Interestingly, it is the same Bench which had been hearing another five other cases including the case relating to Right to Fair Compensation and Transparency in Land Acquisition, Rehabilitation and Resettlement Act, 2013. When the Bench sat to hear those cases, a farmers’ association had sought the recusal of Justice Arun Mishra, alleging conflict of interest. The Court then heard the application for recusal and reserved its order in the same. The order on recusal is expected to be pronounced on October 23.
It is unclear whether the Bench will now hear those five cases, since three new cases have now been slated for hearing before that Bench from October 23.
The three new cases listed before the Bench are as follows:
1. Kaushal Kishor v. State of Uttar Pradesh [Writ Petition (Crl) 113/2016]
This was a case filed by a relative of the Bulandshahr rape accused. The petitioner had sought action against then Uttar Pradesh Minister Azam Khan for his remarks on the incident.
The Court had framed the following questions for consideration by Constitution Bench.
(i) When a victim files an F.I.R. alleging rape, gang rape or murder or such other heinous offences against another person or group of persons, whether any individual holding a public office or a person in authority or in-charge of governance, should be allowed to comment on the crime stating that “it is an outcome of political controversy”, more so, when as an individual, he has nothing to do with the offences in question?
(b) Should the “State”, the protector of citizens and responsible for law and order situation, allow these comments as they have the effect potentiality to create a distrust in the mind of the victim as regards the fair investigation and, in a way, the entire system?
(c) Whether the statements do come within the ambit and sweep of freedom of speech and expression or exceed the boundary that is not permissible?
(d) Whether such comments (which are not meant for self-protection) defeat the concept of constitutional compassion and also conception of constitutional sensitivity?
2. CBI v. RR Kishore [Criminal Appeal 377/2007]
This case pertains to Section 6A(1) of the Delhi Special Police Establishment Act, 1946.

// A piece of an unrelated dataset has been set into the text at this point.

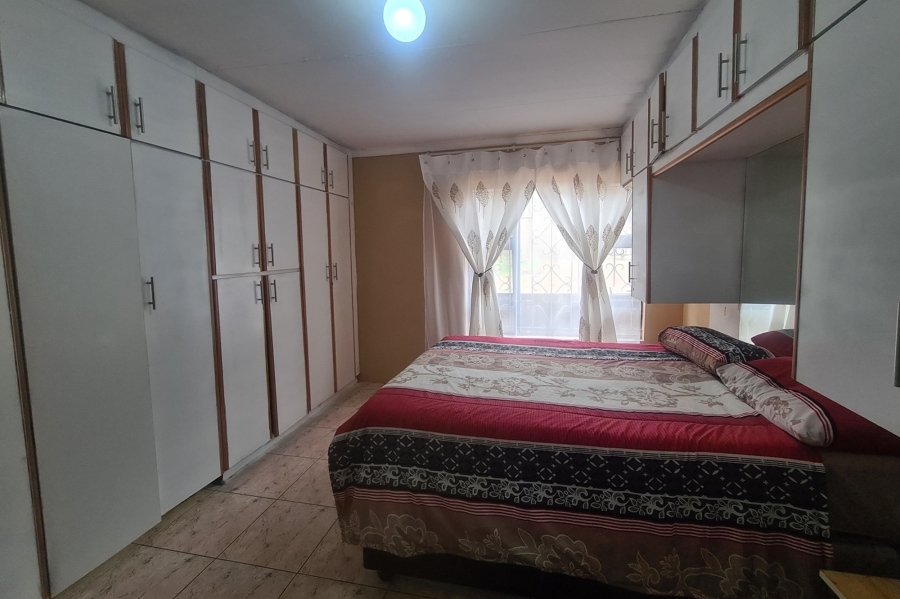 3 Bedroom Property for Sale in Brackenham KwaZulu-Natal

The Section deals with obtaining prior approval of the Central government for conducting any inquiry into an offence under the Prevention of Corruption Act, 1988 (PC Act) where the allegations have been made against officers of the level of Joint Secretary and above.
In 2014, the Supreme Court had struck down the said section as unconstitutional. The question that is now being considered is whether the operation of that said judgment is retrospective or not.
The order passed on March 10, 2016 reads:
“The provisions of Section 6A(1) do indicate that for officers of the level of Joint Secretary and above a kind of immunity has been provided for. Whether there can be a deprivation of such immunity by a retrospective operation of a judgment of the Court, in the context of Article 20 of the Constitution of India, is the moot question that arises for determination in the present case.”
3. Aziz Qureshi v. Union of India [Writ Petition (Civil) 763/2014]
This case relates to the interpretation of Article 156 of the Constitution, which lays down the term of office of the Governor.
The petition itself was filed by former Uttarakhand Governor Aziz Qureshi in 2014. He had alleged that there was a move by the Narendra Modi government to ease him out of office.
Article 156(1) states that a Governor shall hold office at the pleasure of the President. The order passed by the Supreme Court on August 20, 2014 states that as the case involves interpretation of Article 156 of the Constitution, the matter needs to be heard by a Bench of five judges.